Candied walnuts from Guadalajara. Cocoa powder from the Italian Alps. Sun-dried tomatoes from Barcelona’s jostling Boqueria Market. Nineteen-dollar-a-pound white cheddar streaked with veins of golden maple syrup from my hometown in Wisconsin. These are just a few of the food souvenirs that have quietly perished in my kitchen during the past year or so.
When I travel, I bring home food as mementos. None of those chintzy T-shirts with a silk-screen print of the Colosseum for me; I crave a bottle of ruby red Chianti, the one with cherries bursting from every sip, bought at the bottega ’round the corner from the Colosseum. Forget handmade Mexican lace; I want earthy, bittersweet Mexican chocolate perfumed with cinnamon and chipotle.
I’ve always been like this. I remember bounding off the plane as a teen after a summer spent in Peru and handing my mom a half-empty bottle of warm Inca Kola, a lurid Latin American soda that tastes curiously and unmistakably of bubble gum. A few years later, after a trip to Niagara Falls, while mom was grandstanding for our family in the powder blue jacket she’d picked up at a Canadian leather emporium, I was gladly sharing my souvenir—a box of Tim Hortons donut holes.
Back then I was indiscriminate about digging into—and divvying up—my loot. But it’s somehow different, more difficult, now that I’m older. These past few years, I’ve become reluctant to share my souvenirs, hesitant to even open them.
Here’s the thing. After a souvenir has been eaten, it’s gone. Vanished. And with it, I fear, the memory. It’s not likely that I’ll physically connect with those same travels again. Chances are this is the only time in my life when I’ll have that raw-milk Brie from that little shop in France oozing all over my kitchen table. And if our bottle of aged Dominican rum that my husband won in a chess tournament during our honeymoon disappears, I panic that the memory of our first week of newly married bliss may, too, fade like an old Polaroid.
With these souvenirs sitting in my pantry, the pressure is on—and along with it comes a paralyzing case of performance anxiety. When, exactly, is the perfect time to indulge? And with whom should I share? So, naturally, I procrastinate, delaying the encounter for as long as I can—or, as usually happens, indefinitely. I can practically hear these souvenirs calling to me from the pantry, begging for a proper send-off, a very special occasion. Instead they meet an unceremonious and certain end at the bottom of my garbage can. That cocoa? It became stale and clumpy. Ants got the walnuts. The tomatoes turned black. And the cheddar took on an ugly lacquer of sweat and mold. All before I’d gotten a single taste.

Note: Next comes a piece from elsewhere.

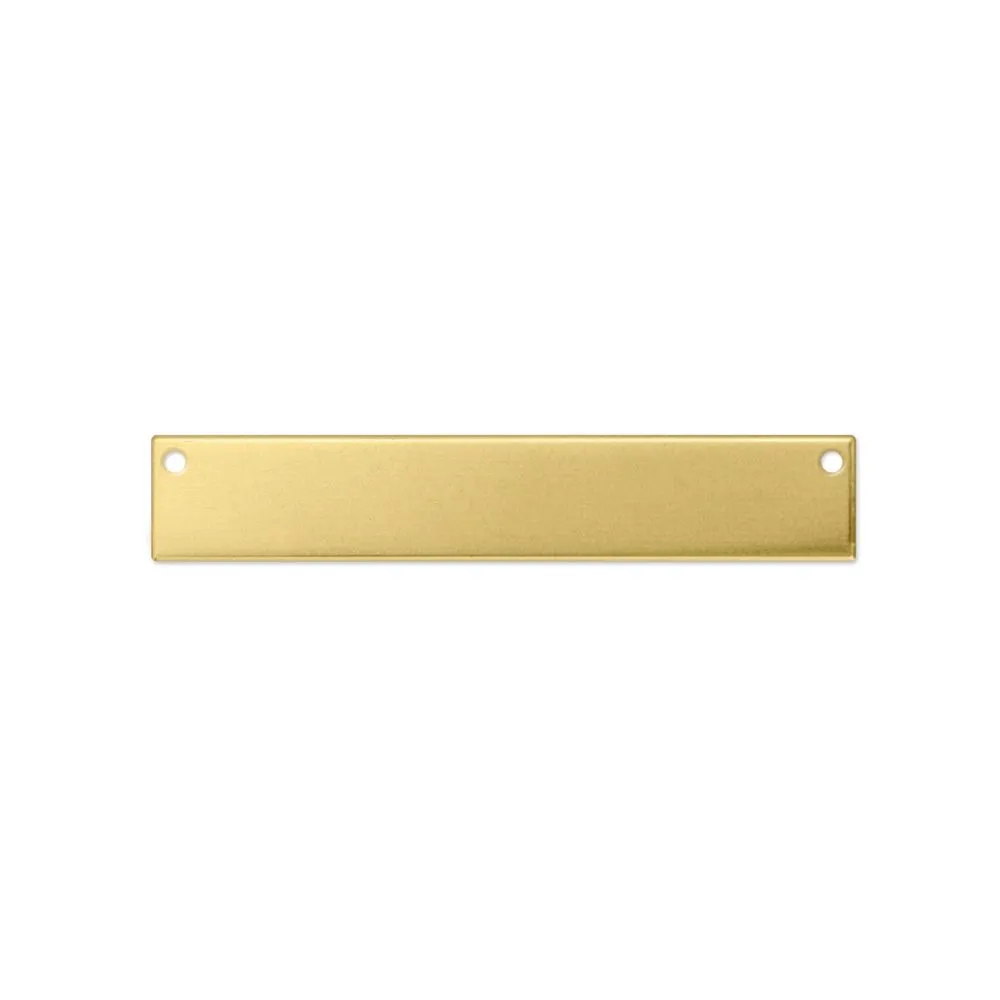 ImpressArt Premium Stamping Blanks – Brass Rectangle With Holes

This mental anguish, this fear of wasting a souvenir on a less-than-perfect moment, often leads me to wonder why I even bother. What’s the point of rummaging through specialty shops and markets, paying excess baggage fees, and sweating through customs, only to have my food souvenirs languish on my kitchen shelves between the garlic and the soy sauce? So despite all the potential gratification these keepsakes hold, they really stress me out.

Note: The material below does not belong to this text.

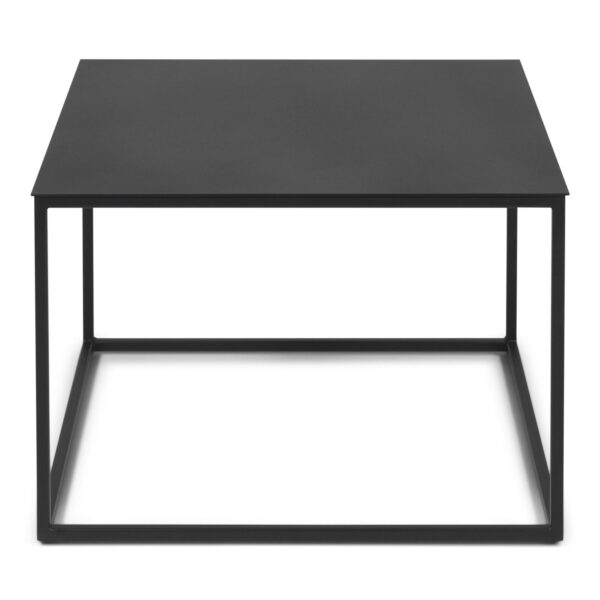 SPINDER DESIGN Store sofabord - sort stål (60x60)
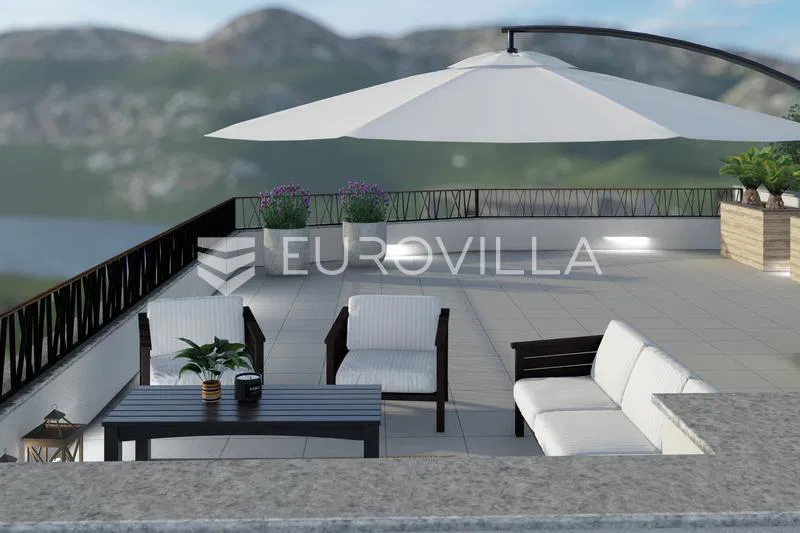Čiovo, Žedno, dvosoban stan s krovnom terasom neto korisne površine 89,85 m², S5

Rather, they used to stress me out. I recently spent my birthday in Barcelona with a friend. We window-shopped on La Rambla, marveled at Gaudí’s masterworks, and strolled the Mediterranean boardwalk. It wasn’t until I returned home, my suitcases bulging with the makings of a Spanish feast, that I realized I hadn’t really eaten. I’d had just quick bites here and there, but not a spectacular supper in the usual flamboyant way I was accustomed to, the kind of repast that would cement this trip in my memory. I panicked, terrified I’d forget the stories that I’d savored in Spain.
That realization spurred me into action. I threw open my suitcases and invited a few close friends to dinner that week. There was tapenade smeared on crusty bread. Nutty sheep’s-milk Manchego. A juicy—and duty-free—Andalucían Rioja. Sweet pimiento peppers that I charred over an open burner. Saffron-perfumed rice. Fruity Arbequina olive oil flecked with a few drops of rosemary vinegar and turned into a poaching medium for fish. And for dessert, small tumblers of delicate dry sherry, sloshing against the glass like liquid amber, alongside shaved chocolate studded with Marcona almonds.
So what if I remember the food more distinctly than the conversation? That’s how my memory works. (Actually, the sherry may have had something to do with that, too.) But I do recall the spirit of the evening—the laughter, the chatter, the sated appetites, the sharing of story after story about Spain. And it occurs to me that I’d somehow come to equate eating my mementos with greedily gobbling them. I’d forgotten the rare and valuable chance they offer to celebrate and relive rousing adventures and, better yet, to share those experiences with others. Abandoned on the shelf, my souvenirs—and the memories linked to them—might wither and die, but reveling in them one final time authors the grandest of epilogues to any travel story. And, as it turns out, it affords me an opportunity to create a new memory.